From a thread, I mean? Y'know - you make a throwaway post or have a flicker of interest in a topic, then it turns into one of those soap-opera threads and you lose interest. But it keeps screaming at you from the listings because it has a little symbol on it to remind you that it's a thread you're involved in - a blue dot in the case of whatever skin I'm currently using. It would be nice to be able to make the dot go away when you're done with a topic, so that it could fade into the background - is such a thing possible?


----------



## Norm (15 Nov 2010)

Oooo, I'd be up for this one too!


----------



## Shaun (15 Nov 2010)

No, sorry, it's not possible.

Cheers,
Shaun


----------



## ColinJ (15 Nov 2010)

There is a difference between "Is it possible?" and "Is it going to happen?"

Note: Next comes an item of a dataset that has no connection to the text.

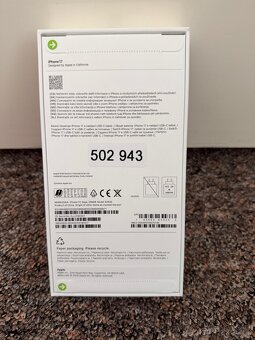 Apple iPhone 17 256gb šalvejově zelený. 2 roky CZ zaruka - 2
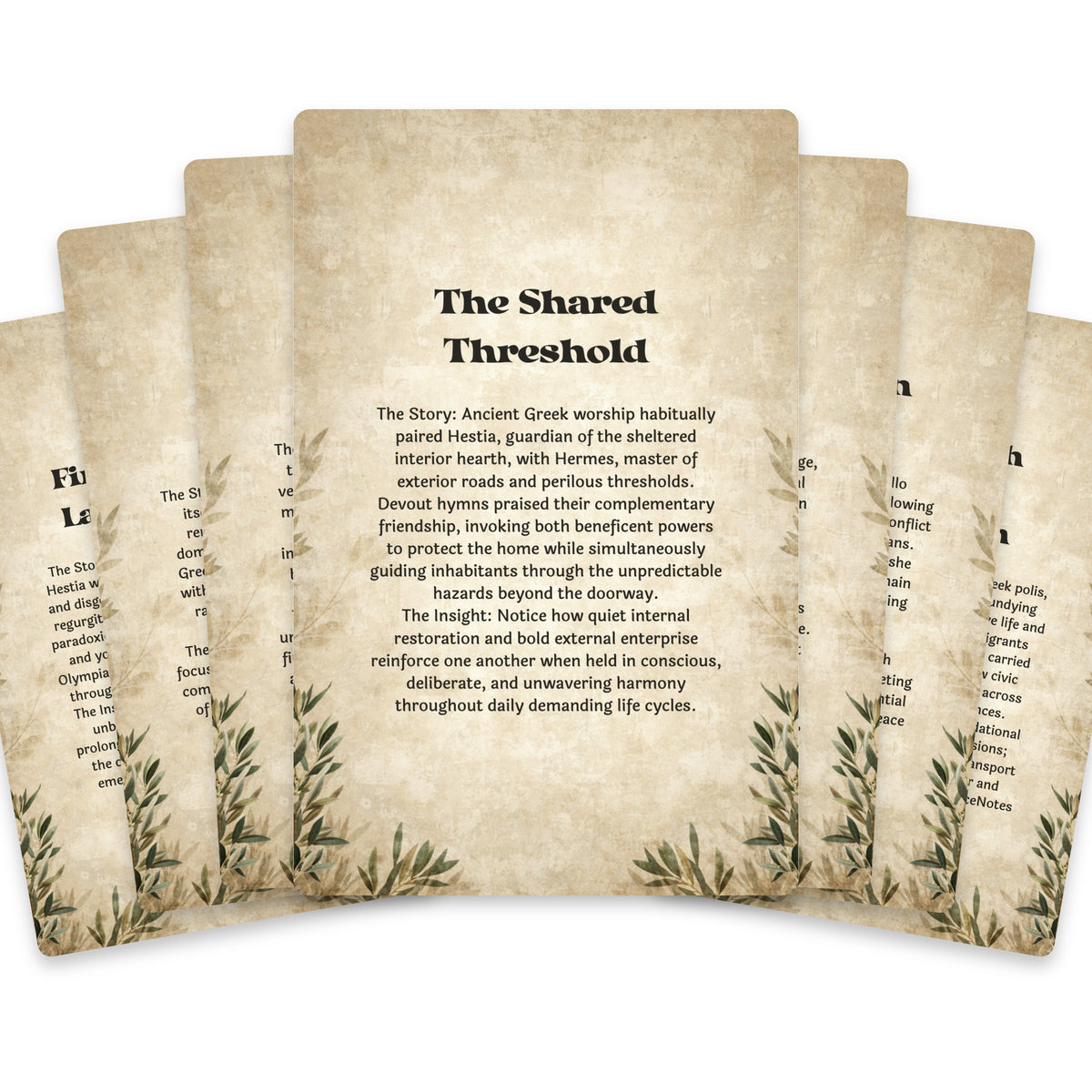 The Oracle of Hestia – Greek Goddess of the Hearth Oracle Cards, 22-Card Mythology Deck — arrangement 2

I'm sure that if £1,000,000 was available to make it happen, then the previously impossible would mysteriously _become_ possible!


----------



## Shaun (15 Nov 2010)

Well, if you're offering ...


----------



## theclaud (15 Nov 2010)

Admin said:


> Well, if you're offering ...



Hmmmm. Perhaps Spire would be prepared to foot the bill?


----------



## ColinJ (15 Nov 2010)

Admin said:


> Well, if you're offering ...


How about £1.27 - that's all I have in loose change!


----------



## 661-Pete (15 Nov 2010)

Sorry, think I'm missing something here - is this a thread about making TheClaud disappear?   

I'll see Colin's £1.27 and raise him £1.65....


----------



## theclaud (15 Nov 2010)

661-Pete said:


> Sorry, think I'm missing something here - is this a thread about making TheClaud disappear?
> 
> I'll see Colin's £1.27 and raise him £1.65....


----------



## 661-Pete (15 Nov 2010)

theclaud said:


>


There there! Need a hankie?


----------



## theclaud (15 Nov 2010)

661-Pete said:


> There there! Need a hankie?



I'd rather have a pint...


----------



## potsy (15 Nov 2010)

Be nice if we could make other people disappear though


----------



## martint235 (15 Nov 2010)

potsy said:


> Be nice if we could make other people disappear though



Can we make armwarmers disappear too?


----------



## potsy (15 Nov 2010)

martint235 said:


> Can we make armwarmers disappear too?



I think somebody's a little bit obsessed by these things the Southerners call 'armwarmers'




You need a few days back up t'north to harden you up a bit pal


----------



## 661-Pete (15 Nov 2010)

theclaud said:


> I'd rather have a pint...


'fraid it has to be virtual, but cheers!


----------